_Action item_
With the pictures set aside, write out all of the data exactly as it stands.

_Supplied information_
★ ★ ★ ★ ★

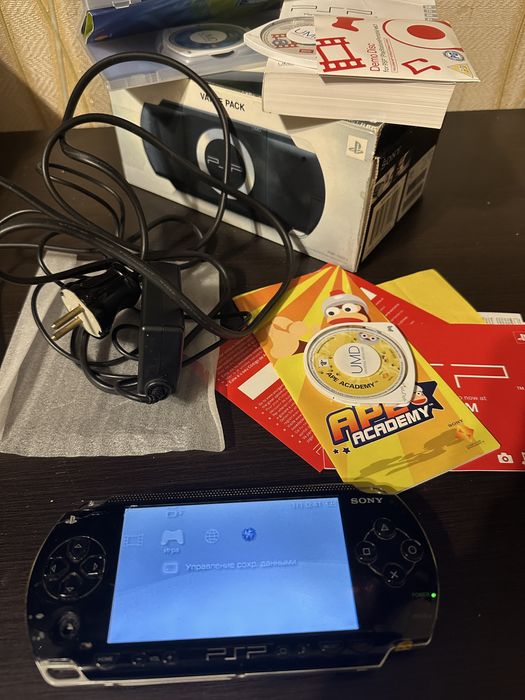 SONY PSP, коробка, 2 гри, зарядка в комплекті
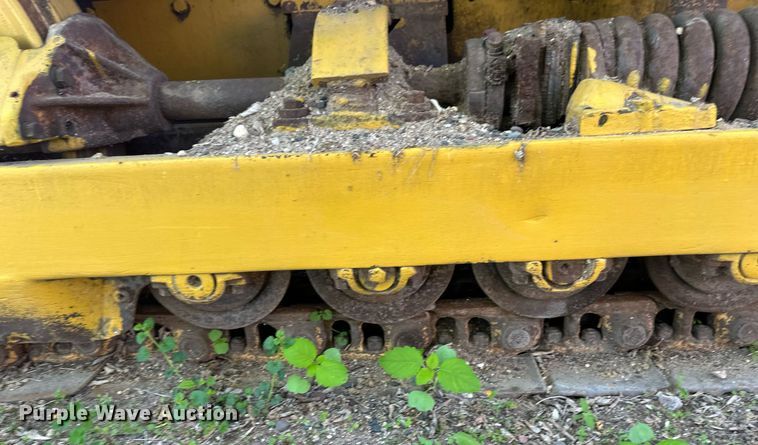 image for item EB2557 Caterpillar track loader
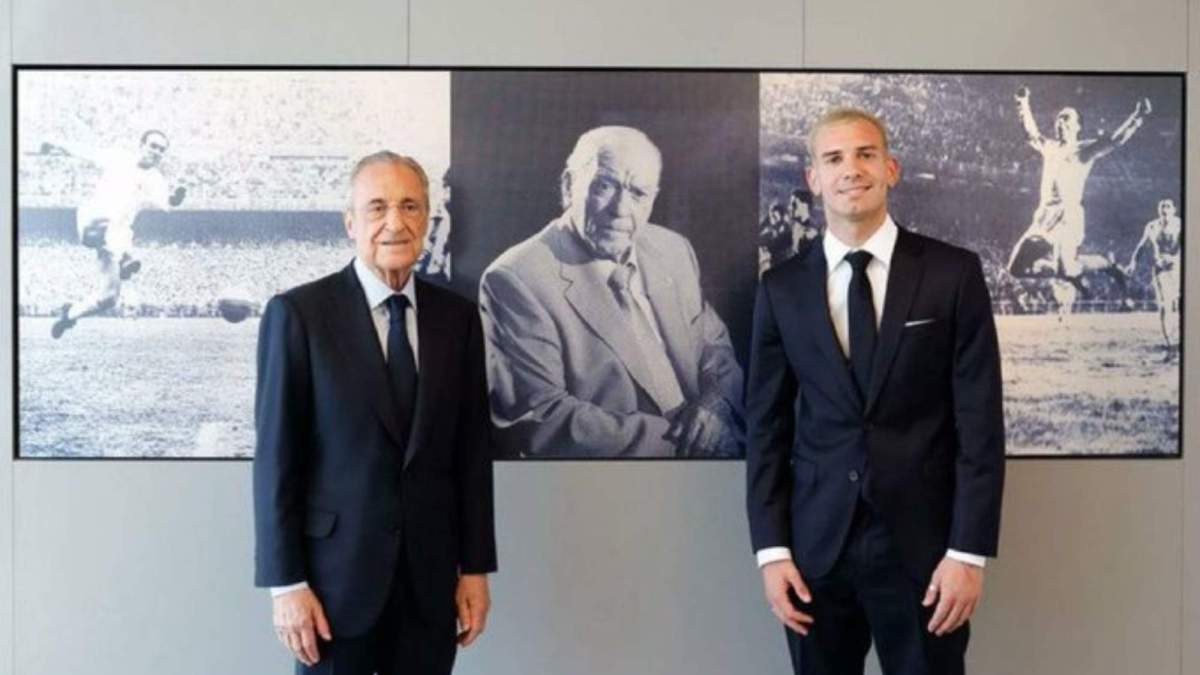 Florentino y Mastantuono posando junto a un cuadro de Di Stéfano Florentino y Mastantuono posando junto a un cuadro de Di Stéfano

★ ★ ★ ★ ★

_Solution below_
 SONY PSP, коробка, 2 гри, зарядка в комплекті
 image for item EB2557 Caterpillar track loader
 Florentino y Mastantuono posando junto a un cuadro de Di Stéfano Florentino y Mastantuono posando junto a un cuadro de Di Stéfano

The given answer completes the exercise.